A história do Apanhador no Campo de Centeio é a história do jovem Holden Caulfield, um rapaz que tendo reprovado em quase todas as matérias da escola, dá um tempo por aí antes de voltar pra casa com receio de ouvir mais um sermão dos pais. É isso, essa é a história. Mas ao longo do livro vamos descobrir um bocado de coisas sobre Holden, o que ele pensa, como ele pensa, por que ele pensa dessa forma. Alguns terminarão a leitura do Apanhador e dirão que Holden é o típico adolescente. Perguntador, chato, desagradável, em suma, uma pessoa irritante.

Como encarar com seriedade alguém que é capaz de perguntar para onde vão os patos no inverno?

O personagem principal do livro escapa de todos os estereótipos possíveis que a literatura tradicional tanto adora. Holden Caulfield é um pé no saco. Cínico, mentiroso e, muitas vezes, insuportável, como todo bom adolescente tem que ser.

O “bom adolescente” não é aquele menino todo certinho, obediente, que tira as melhores notas na escola. O “bom” de Jerome David Salinger é um adolescente em crise. A crise é um sinal de que o adolescente está estressado com a passagem entre o mundo infantil e o mundo adulto. Mesmo que inconsciente, o “bom adolescente” é capaz de ‘sentir’ a diferença entre os mundos.

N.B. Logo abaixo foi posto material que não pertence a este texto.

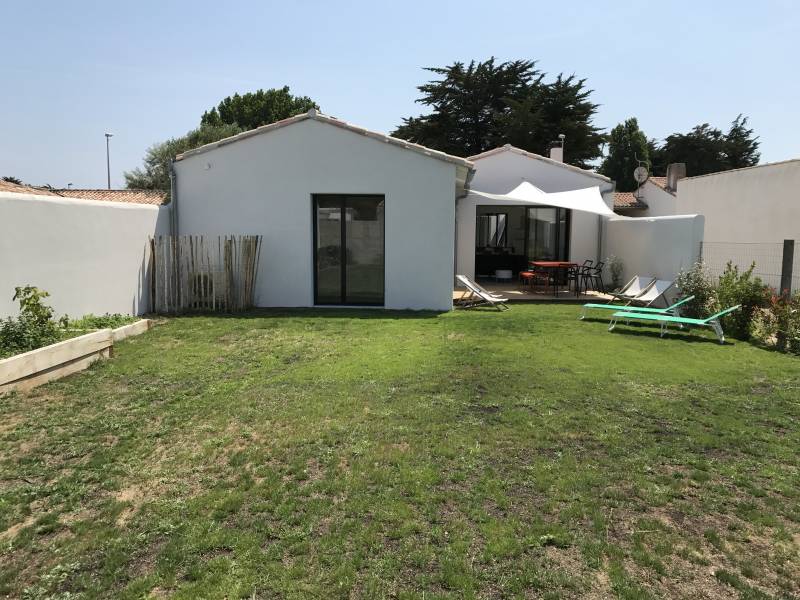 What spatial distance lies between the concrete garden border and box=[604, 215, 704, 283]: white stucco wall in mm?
12390

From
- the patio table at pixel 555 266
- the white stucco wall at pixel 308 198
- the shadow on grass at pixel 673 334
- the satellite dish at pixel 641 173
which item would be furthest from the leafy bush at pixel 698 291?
the satellite dish at pixel 641 173

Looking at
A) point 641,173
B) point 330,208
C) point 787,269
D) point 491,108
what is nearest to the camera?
point 787,269

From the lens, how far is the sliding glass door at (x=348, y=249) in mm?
13500

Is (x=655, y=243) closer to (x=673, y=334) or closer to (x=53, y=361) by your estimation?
(x=673, y=334)

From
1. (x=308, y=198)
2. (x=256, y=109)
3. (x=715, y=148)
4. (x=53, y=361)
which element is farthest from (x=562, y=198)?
(x=256, y=109)

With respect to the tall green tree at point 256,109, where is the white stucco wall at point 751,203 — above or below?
below

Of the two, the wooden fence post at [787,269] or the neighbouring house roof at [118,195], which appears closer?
the wooden fence post at [787,269]

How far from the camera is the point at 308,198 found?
1333 centimetres

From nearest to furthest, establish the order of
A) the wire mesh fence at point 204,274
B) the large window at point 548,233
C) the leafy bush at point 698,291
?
1. the leafy bush at point 698,291
2. the wire mesh fence at point 204,274
3. the large window at point 548,233

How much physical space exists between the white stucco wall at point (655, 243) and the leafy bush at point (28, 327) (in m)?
13.0

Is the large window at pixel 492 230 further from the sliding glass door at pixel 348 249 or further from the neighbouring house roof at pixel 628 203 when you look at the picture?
A: the neighbouring house roof at pixel 628 203

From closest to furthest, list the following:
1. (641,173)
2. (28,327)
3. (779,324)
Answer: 1. (28,327)
2. (779,324)
3. (641,173)

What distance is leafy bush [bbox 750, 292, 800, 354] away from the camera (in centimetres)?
959

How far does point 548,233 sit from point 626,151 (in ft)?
92.3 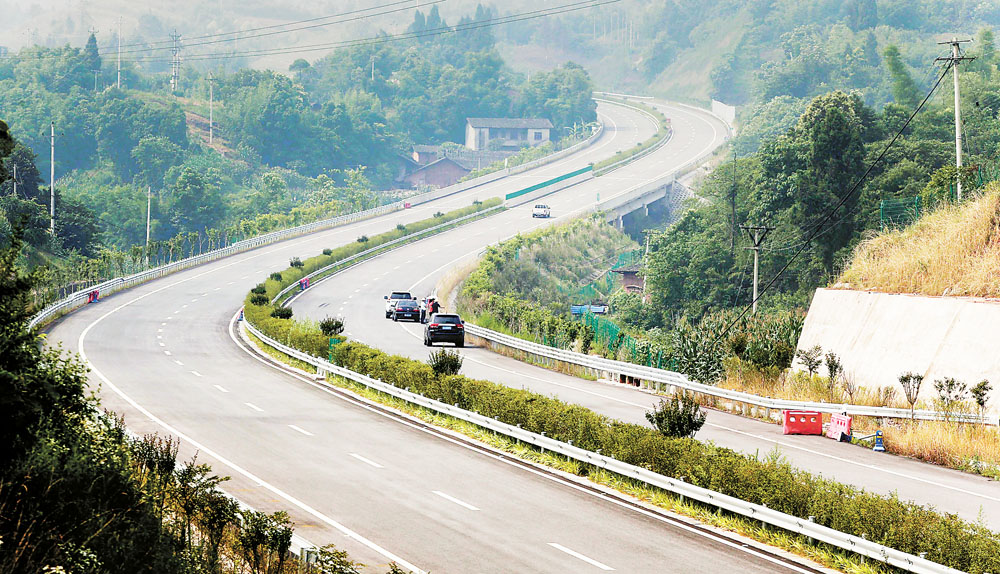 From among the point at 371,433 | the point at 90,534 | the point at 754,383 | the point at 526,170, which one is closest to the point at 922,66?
the point at 526,170

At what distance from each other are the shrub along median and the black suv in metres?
18.7

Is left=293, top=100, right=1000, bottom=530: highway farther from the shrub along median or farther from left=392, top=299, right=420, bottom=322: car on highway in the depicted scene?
the shrub along median

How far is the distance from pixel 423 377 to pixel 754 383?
1248 centimetres

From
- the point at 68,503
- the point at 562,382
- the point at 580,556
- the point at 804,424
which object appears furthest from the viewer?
the point at 562,382

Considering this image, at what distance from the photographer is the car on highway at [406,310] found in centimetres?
6328

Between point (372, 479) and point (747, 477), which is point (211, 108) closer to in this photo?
point (372, 479)

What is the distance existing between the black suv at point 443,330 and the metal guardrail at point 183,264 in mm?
17995

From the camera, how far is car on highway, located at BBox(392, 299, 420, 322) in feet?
208

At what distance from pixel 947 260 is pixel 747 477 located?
72.6 feet

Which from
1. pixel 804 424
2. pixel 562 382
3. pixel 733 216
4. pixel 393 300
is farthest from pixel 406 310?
pixel 804 424

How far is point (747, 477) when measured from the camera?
1830cm

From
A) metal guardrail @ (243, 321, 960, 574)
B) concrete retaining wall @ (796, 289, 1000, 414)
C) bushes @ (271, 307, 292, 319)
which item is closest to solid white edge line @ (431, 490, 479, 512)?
metal guardrail @ (243, 321, 960, 574)

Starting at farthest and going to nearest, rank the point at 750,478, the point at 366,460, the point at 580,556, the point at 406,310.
Answer: the point at 406,310
the point at 366,460
the point at 750,478
the point at 580,556

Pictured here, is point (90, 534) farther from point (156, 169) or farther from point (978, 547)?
point (156, 169) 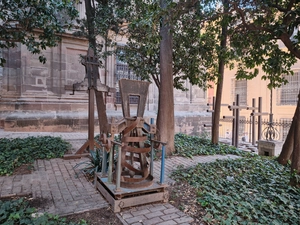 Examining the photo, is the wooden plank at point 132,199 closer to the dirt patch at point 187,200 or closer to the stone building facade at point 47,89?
the dirt patch at point 187,200

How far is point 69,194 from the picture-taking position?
3.43 metres

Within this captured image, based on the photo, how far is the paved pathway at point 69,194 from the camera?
280 centimetres

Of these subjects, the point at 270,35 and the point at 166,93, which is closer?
the point at 270,35

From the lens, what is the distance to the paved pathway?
2805 mm

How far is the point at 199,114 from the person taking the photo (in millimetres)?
13352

Por isso quando vemos Holden emburrado, desgostoso de tudo e de todos, achamo-o infantil porque é justamente isso que Jerome quer passar. Que outra forma tem uma criança de protestar contra algo que a desagrada?

Holden tem 17 anos, não pode mais chorar, então amarra a cara, o que é bem mais maduro do que irromper em prantos esperando que alguém faça a sua vontade. Essa transição de espírito, a adolescência, ainda que seja muito comentada cotidianamente, pouco é compreendida em sua intensa amplitude para a formação do caráter.

O universo adolescente é repleto de contradições. Não se pode chorar porque não é mais criança, no entanto também não pode responder aos pais. Não deve ficar brincando por aí porque não é mais criança, mas não pode largar os estudos para trabalhar. É uma linha tênue que ora coloca o jovem entre as crianças, ora entre os adultos. E daí se você gosta de comprar balinhas? Você não é mais criança, devia saber que isso estraga os dentes.

O adolescente ainda gosta de jogar vídeo-game como muitos adultos também gostam. Mas o adolescente vai ser muito mais cobrado se passar o dia todo jogando PS3. Aí você pergunta: Oxe, como assim? um adulto jogando vídeo-game o dia todo não vai ser cobrado? OK. Ele pode até ser cobrado, mas ele já é um adulto, sabe o que faz da vida. E embora você saiba que ele está fazendo errado, você irá se calar porque de fato, ele sabe mesmo. Mas e o adolescente? Há, aí não, você dirá logo. O adolescente não sabe o que faz, não tem a devida noção de que se passar o dia todo jogando vídeo-game vai jogar a vida fora. Vamos pegar o adolescente de Jerome por exemplo. Holden toda hora quer fugir, ir pra algum lugar qualquer, de preferencia o campo, longe da hipocrisia e da cretinice (das cidades). Olha só o que ele queria fazer da vida dele, você dirá.

Bom, então Holden deve ser obrigado a fazer algo que não quer. Se seu desejo fosse ficar jogando video-game o dia todo, o certo a se fazer, como pais responsáveis, seria obrigá-lo a ir a escola. Claro, aonde você já viu um pai permitir que o filho passe o dia todo jogando video-game?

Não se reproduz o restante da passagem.